The sole user in the codebase is RCLCensorshipDetector::propose(), which calls this function to carry sequence numbers forward. The detector tracks how many consecutive consensus rounds each transaction has failed to be included, and the sequence counter must survive across rounds. When the node re-proposes a transaction it already tracked, generalized_set_intersection finds the match and copies the old seq field into the new TxIDSeq entry via the action lambda — [](auto& x, auto const& y) { x.seq = y.seq; }. A standard set_intersection can't do this because the output range would only hold one element type, not a reference to both.
remove_if_intersect_or_match
This algorithm fuses std::remove_if with set intersection into a single O(n + m) pass. It removes elements from the first range [first1, last1) if either condition holds: the element appears in the sorted second range [first2, last2), or a predicate pred returns true for it. The caller must subsequently call erase on the returned end iterator to actually shrink the container, following the standard erase-remove idiom.

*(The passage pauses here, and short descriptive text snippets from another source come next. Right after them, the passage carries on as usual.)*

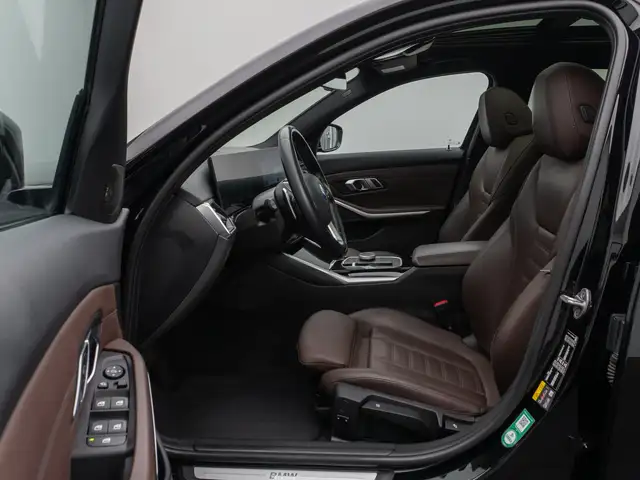 BMW 3 Series view 20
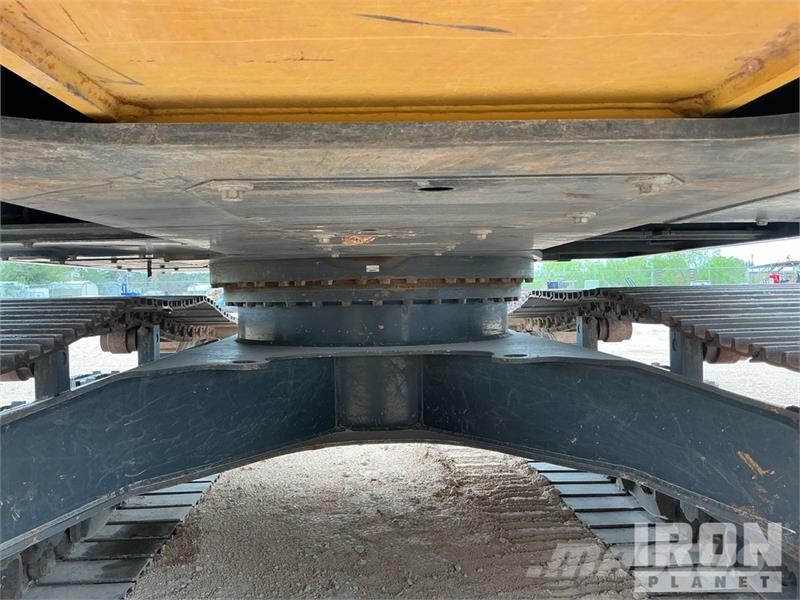 Kobelco SK210LC-11 Tracked Excavator 履帶式 挖土機/掘鑿機/挖掘機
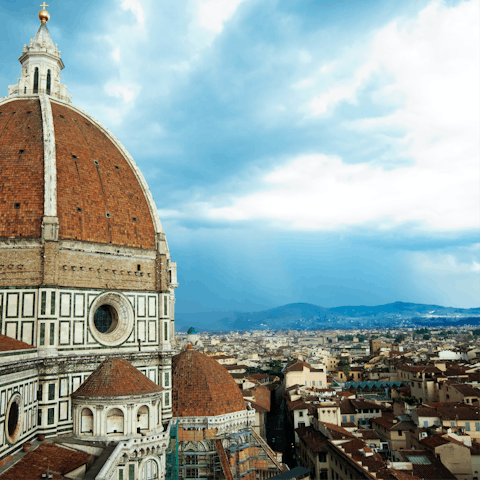 Plan a day of sightseeing in Florence, within driving distance of the home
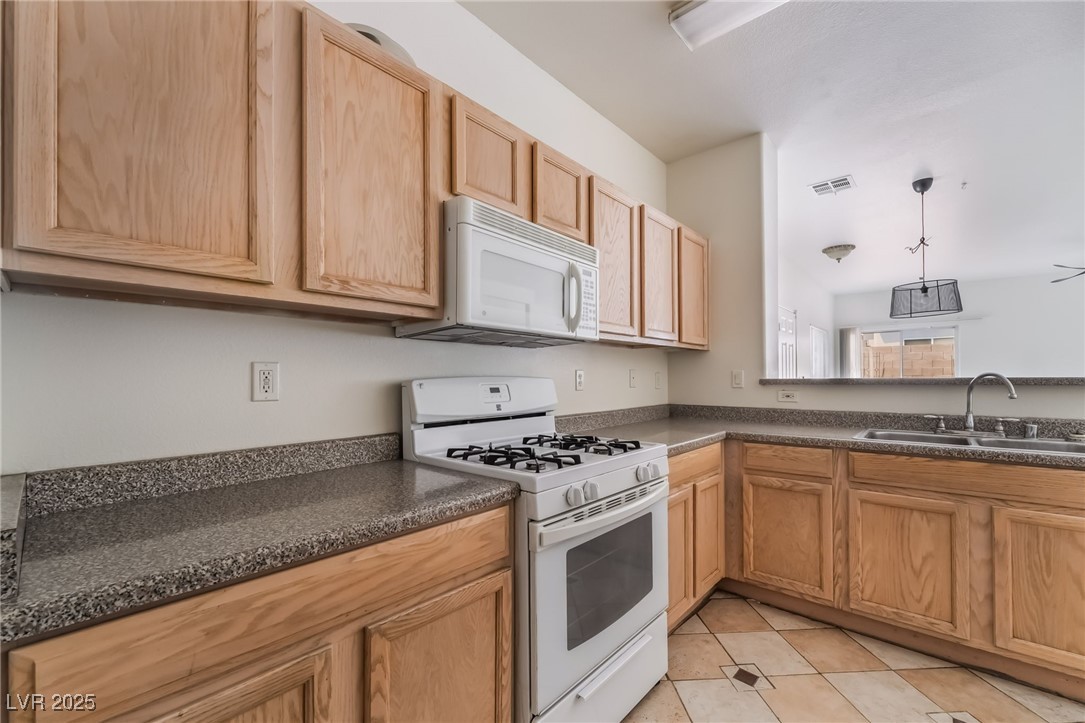 5961 High Steed Street, Unit 103 Henderson, NV 89011 - Photo 11 of 32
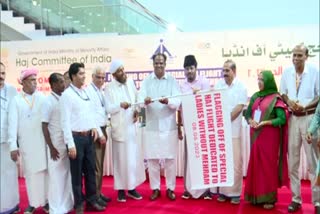 The first women only Hajj flight take off from Karipur  First women only Hajj flight took off from Karipur  ഹജ്ജ് വിമാനം  വനിതകള്‍ക്ക് മാത്രമുള്ള ഹജ്ജ് വിമാനം  സര്‍വീസ് നടത്തി എയര്‍ ഇന്ത്യ  എയര്‍ ഇന്ത്യ  എയര്‍ ഇന്ത്യ സര്‍വീസ്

The internal state is maintained as three contiguous, non-overlapping regions in the original first range: [original-first1, first1) holds preserved elements compacted to the front; [first1, i) holds removed elements awaiting overwrite; [i, last1) holds untested elements. Each iteration either compacts *i into the preserved prefix (if it should be kept) or leaves a gap. Movement uses std::move rather than copy, which is important for types with expensive or move-only semantics.
The fusion with intersection logic works because both ranges are sorted: when *i >= *first2, the only way *i could equal some element in the second range is if that element is at or near first2. The algorithm checks !comp(*first2, *i) to detect equality, then advances i (marking it removed) before stepping first2. Crucially, once first2 has moved past *i, no earlier element in the second range can match future elements of the first range — a guarantee that depends entirely on sorted order.
RCLCensorshipDetector::check() uses this to clean up its tracker in one pass after a consensus round. The second range is the set of accepted transaction IDs; the predicate fires pred(x.txid, x.seq) to let the caller detect potential censorship (e.g., if a transaction has been blocked for too many rounds). The comparator passed is std::less<void> — C++14's heterogeneous comparator — which dispatches to whichever operator< overload best matches the operand types. Because RCLCensorshipDetector defines heterogeneous operator< between TxIDSeq and raw TxID, the intersection check compares across the two different element types of the two ranges without constructing temporary objects.
Design context
Both algorithms enforce sorted-range preconditions but do not assert or check them. Violations silently produce incorrect results, consistent with the standard library's approach for range algorithms. The decision to keep these in a separate algorithm.h rather than inline inside RCLCensorshipDetector reflects the conventional separation of algorithmic mechanics from domain logic — the censorship detector is free to express its propose and check operations at the level of intent, delegating the traversal bookkeeping here.